Column: Analytical Failures in the 2012 Election Results with Implications for Other Topics of Importance

Thoughts from a – hopefully – Enlightened Skeptic
By Ralph E. Chapman

To listen to the pundits before the election you would think that anything could have happened last Tuesday when we all went to the polls.  

The mainstream media was emphasizing just how close the election was going to be and that Mr. Obama was potentially in grave danger of becoming a one-term president.

If you listened to the conservative pundits you were assured that good, as they define it, would win out over evil; some suggested it would be a rout with Gov. Romney getting over 300 electoral votes.

As an aside, I find it interesting that their implication was that this outcome would provide a clear mandate for their policies but I now hear from them that the opposite is not true because it was a “close” election.

A quick note about my views, as all comments are meaningless without the context of the person who makes them. I am a paleontologist and technologist who specializes in the analysis of data, especially that encountered while doing research in the sciences within the umbrella of natural history.

The data encountered within natural history is generally very difficult to deal with, especially the historical data found in paleontology, anthropology, archaeology and geology. It is often very noisy and variable and you have to deal with the complexities introduced by time and a constantly evolving environment.
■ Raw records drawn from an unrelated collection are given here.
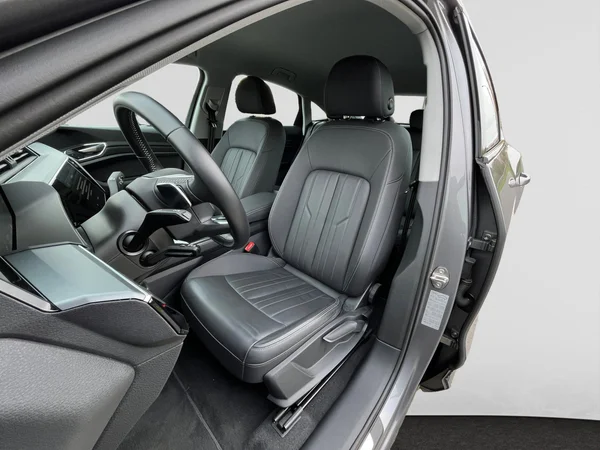 AUDI E-tron Sportback (2021) — foto 2 van 24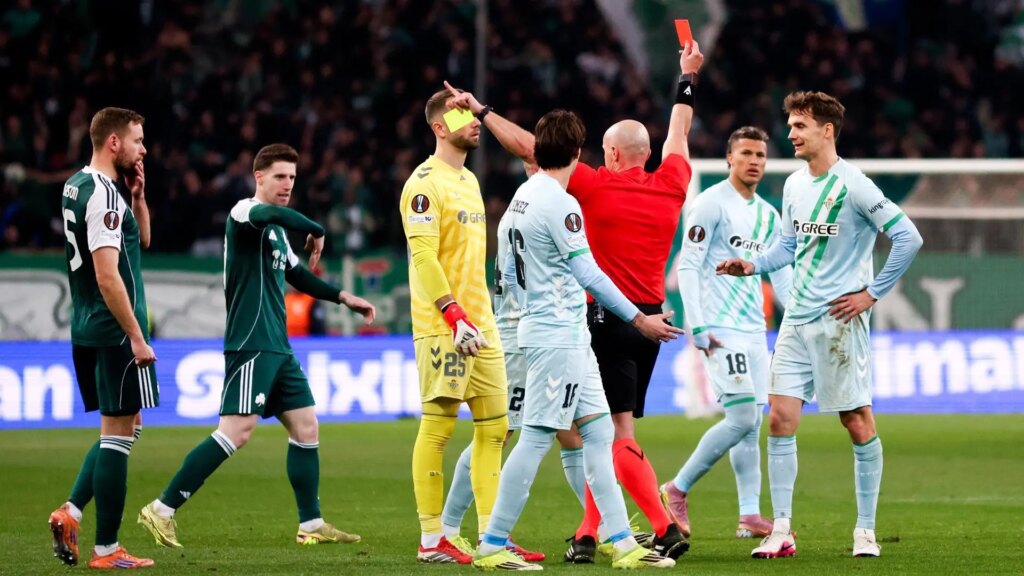 Un polémico penalti complica al Betis y Endrick evita la victoria del Celta en la ida de octavos de la Europa League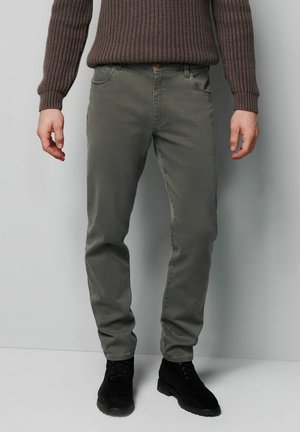 Heren grijze katoenen broek met een slim fit, vijf zakken en een ritssluiting. Gepaard met zwarte gestructureerde enkelbotten.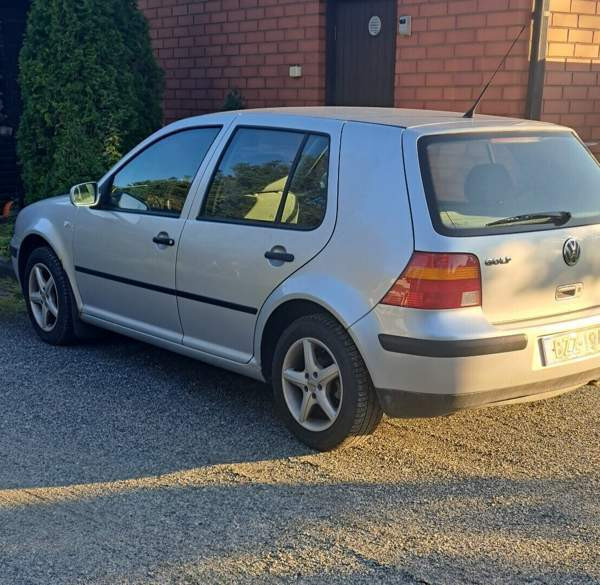 Volkswagen Golf Pirkkala - valokuva 5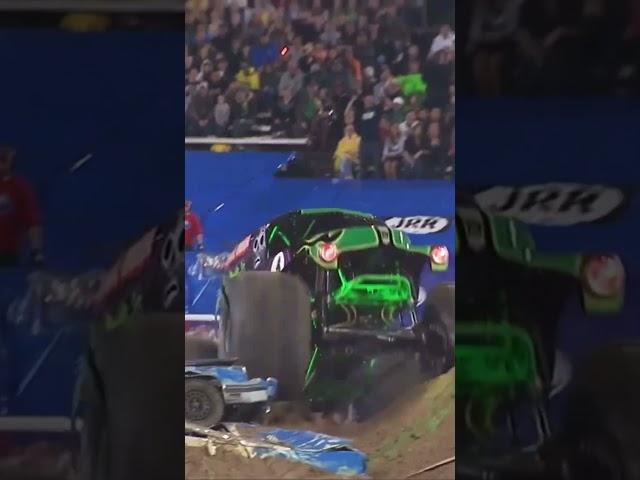 What a spectacular crash! #monsterjam #monstertruck #gravediggermonstertruck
I did this for the Smithsonian for almost 20 years and, subsequently, taught graduate classes at Idaho State University in the use of these methods for just under five years. I’m comfortable with historical data and find the challenge of dealing with it to be something that gives me great satisfaction.

Politically, I am a true centrist. I grew up a New England Republican, something that is apparently extinct now ( ironic given that I am a paleontologist.) When I vote, I generally split my ticket and go for the people I think will do the best job. I did this on Tuesday.

Now onto the election. The data you get from polls is, in many ways, very reminiscent of paleontological data. When  you start an analysis you have to understand that the data are, inevitably, biased and imperfectly collected from a constantly changing time series.

Every political poll is imperfect in its own way. Most polls are heavily biased towards calls to telephone land lines, for example, rather than  cell phones. I think anyone with a cell phone is happy not to be bothered but it does bias the sampling a good deal – often towards older people, those who stay at home during the day and early evening, and those less interested in technology.

If one candidate is more heavily supported by these people, he or she will get an overly high representation in the results. All polls are biased towards those who are willing to answer the questions in the first place and, I suspect, we all can come up with ideas on what kinds of bias can come in from that type of filter.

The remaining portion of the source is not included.